As for the characters in the play, that of Alcestis must be acknowledged to be pre-eminently beautiful. . . .But, if we except the heroine of the piece, the rest are hardly well-drawn, or, at least, pleasingly portrayed. The selfish Pheres, the unfilial Admetus, the boisterous Hercules, are not in themselves proper characters for tragedy; but then they serve to set off and bring out in relief the beauties which the poet has laboured to concentrate upon one person. . . .The dispute between Admetus and Pheres is calculated, as Hermann observes, and as was very probably designed, to please a contentious and law-loving audience. The poet might perhaps, had he pleased, have represented Admetus in a more amiable point of view. But he preferred to take the legend as he found it; and we must in fairness admit that the faults are those inherent in the subject itself rather than in the poet's manner of treating it.
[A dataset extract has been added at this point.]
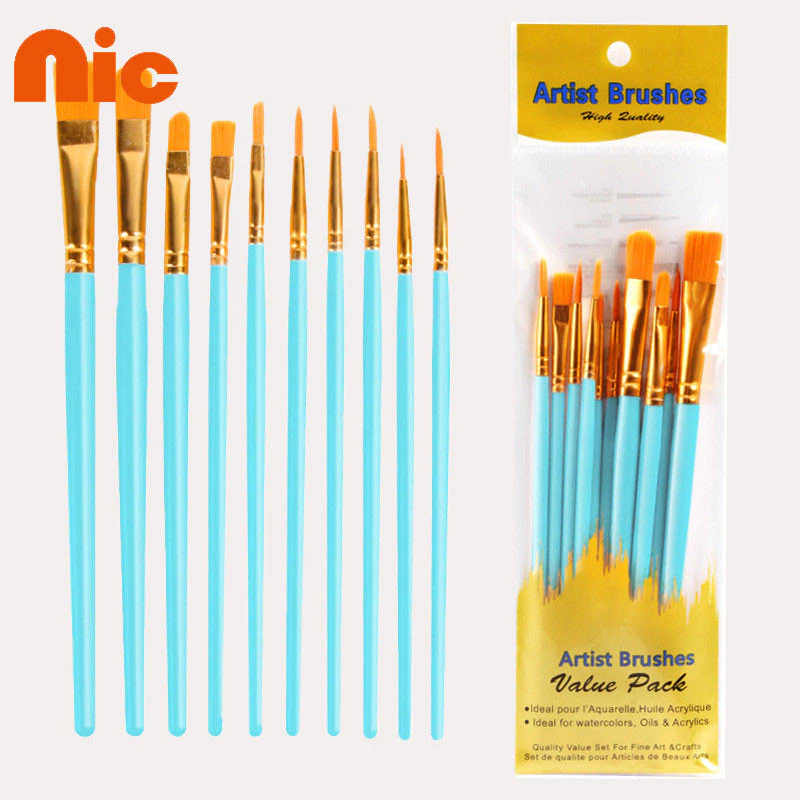 NIC 10ชิ้น/เซ็ตสีก้านพลาสติก แปรงโกเมนศิลปะตะขอวาดเส้นปากกาอะคริลิคชุด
It should be noted that when Paley describes Admetus, Pheres, and Heracles as 'not well-drawn', he means, as appears by the correction 'not pleasingly portrayed', that they are not drawn well for the general effect of the picture. Regarded merely as studies from life they are drawn only too well. And when he says that they are 'not proper characters for tragedy', he must be taken to mean that they are not proper for this tragedy, for a play on this particular subject, since no one could dispute that characters equally unpleasing in themselves, equally 'selfish', 'unfilial', and 'boisterous', are to be found in dramas and even in tragedies, of which the total effect is nevertheless both pleasing and consistent. And if we ask, why then these traits are objectionable here, the answer is first, that they are useless to the conduct of the story, and secondly that, according to an instinct which not without reason we assume to be universal, they are repugnant to the solemnity of the topic. You cannot make a good play, nor anything fit to be called a play, out of incidents which have no moral or necessary connexion, no other connexion in short than that they might succeed one another in the way represented: and you ought not to make a trifle out of a theme so full of tenderness and awe as the death and resurrection of Alcestis. We will consider the scheme for a moment in these two points of view, and will confine our attention for convenience to the scenes numbered fourth and fifth, upon which the objections may be concentrated. It should be noted that these two scenes form between them a full fourth part of the action, and that a survey of the whole work would only confirm our impressions.